[Task prompt]
Before doing anything else, copy the entries below exactly.

[Dataset excerpts]
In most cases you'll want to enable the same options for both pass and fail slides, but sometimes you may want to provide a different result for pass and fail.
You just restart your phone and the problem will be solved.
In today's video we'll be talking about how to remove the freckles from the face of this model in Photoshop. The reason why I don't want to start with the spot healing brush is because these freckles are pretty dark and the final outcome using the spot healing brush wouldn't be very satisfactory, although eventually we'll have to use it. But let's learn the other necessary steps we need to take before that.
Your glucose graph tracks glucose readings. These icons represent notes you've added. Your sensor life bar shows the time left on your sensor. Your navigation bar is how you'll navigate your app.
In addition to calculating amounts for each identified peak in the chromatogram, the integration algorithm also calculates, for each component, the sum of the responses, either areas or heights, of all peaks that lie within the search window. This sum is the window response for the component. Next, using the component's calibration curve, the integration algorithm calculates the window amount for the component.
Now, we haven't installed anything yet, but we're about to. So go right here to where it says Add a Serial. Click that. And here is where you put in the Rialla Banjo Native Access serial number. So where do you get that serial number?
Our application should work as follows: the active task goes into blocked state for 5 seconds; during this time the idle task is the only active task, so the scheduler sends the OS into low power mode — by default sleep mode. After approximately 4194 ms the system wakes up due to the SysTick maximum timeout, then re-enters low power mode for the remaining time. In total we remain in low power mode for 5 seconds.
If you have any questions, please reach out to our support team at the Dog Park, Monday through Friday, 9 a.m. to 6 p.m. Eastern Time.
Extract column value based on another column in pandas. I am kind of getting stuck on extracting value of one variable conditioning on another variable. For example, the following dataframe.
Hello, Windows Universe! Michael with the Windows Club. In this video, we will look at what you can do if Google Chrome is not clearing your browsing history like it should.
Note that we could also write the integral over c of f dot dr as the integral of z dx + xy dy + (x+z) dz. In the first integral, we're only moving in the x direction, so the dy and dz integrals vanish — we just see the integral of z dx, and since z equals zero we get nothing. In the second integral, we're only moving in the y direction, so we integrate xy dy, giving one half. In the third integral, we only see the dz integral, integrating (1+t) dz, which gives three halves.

[Your response]
In most cases you'll want to enable the same options for both pass and fail slides, but sometimes you may want to provide a different result for pass and fail.
You just restart your phone and the problem will be solved.
In today's video we'll be talking about how to remove the freckles from the face of this model in Photoshop. The reason why I don't want to start with the spot healing brush is because these freckles are pretty dark and the final outcome using the spot healing brush wouldn't be very satisfactory, although eventually we'll have to use it. But let's learn the other necessary steps we need to take before that.
Your glucose graph tracks glucose readings. These icons represent notes you've added. Your sensor life bar shows the time left on your sensor. Your navigation bar is how you'll navigate your app.
In addition to calculating amounts for each identified peak in the chromatogram, the integration algorithm also calculates, for each component, the sum of the responses, either areas or heights, of all peaks that lie within the search window. This sum is the window response for the component. Next, using the component's calibration curve, the integration algorithm calculates the window amount for the component.
Now, we haven't installed anything yet, but we're about to. So go right here to where it says Add a Serial. Click that. And here is where you put in the Rialla Banjo Native Access serial number. So where do you get that serial number?
Our application should work as follows: the active task goes into blocked state for 5 seconds; during this time the idle task is the only active task, so the scheduler sends the OS into low power mode — by default sleep mode. After approximately 4194 ms the system wakes up due to the SysTick maximum timeout, then re-enters low power mode for the remaining time. In total we remain in low power mode for 5 seconds.
If you have any questions, please reach out to our support team at the Dog Park, Monday through Friday, 9 a.m. to 6 p.m. Eastern Time.
Extract column value based on another column in pandas. I am kind of getting stuck on extracting value of one variable conditioning on another variable. For example, the following dataframe.
Hello, Windows Universe! Michael with the Windows Club. In this video, we will look at what you can do if Google Chrome is not clearing your browsing history like it should.
Note that we could also write the integral over c of f dot dr as the integral of z dx + xy dy + (x+z) dz. In the first integral, we're only moving in the x direction, so the dy and dz integrals vanish — we just see the integral of z dx, and since z equals zero we get nothing. In the second integral, we're only moving in the y direction, so we integrate xy dy, giving one half. In the third integral, we only see the dz integral, integrating (1+t) dz, which gives three halves.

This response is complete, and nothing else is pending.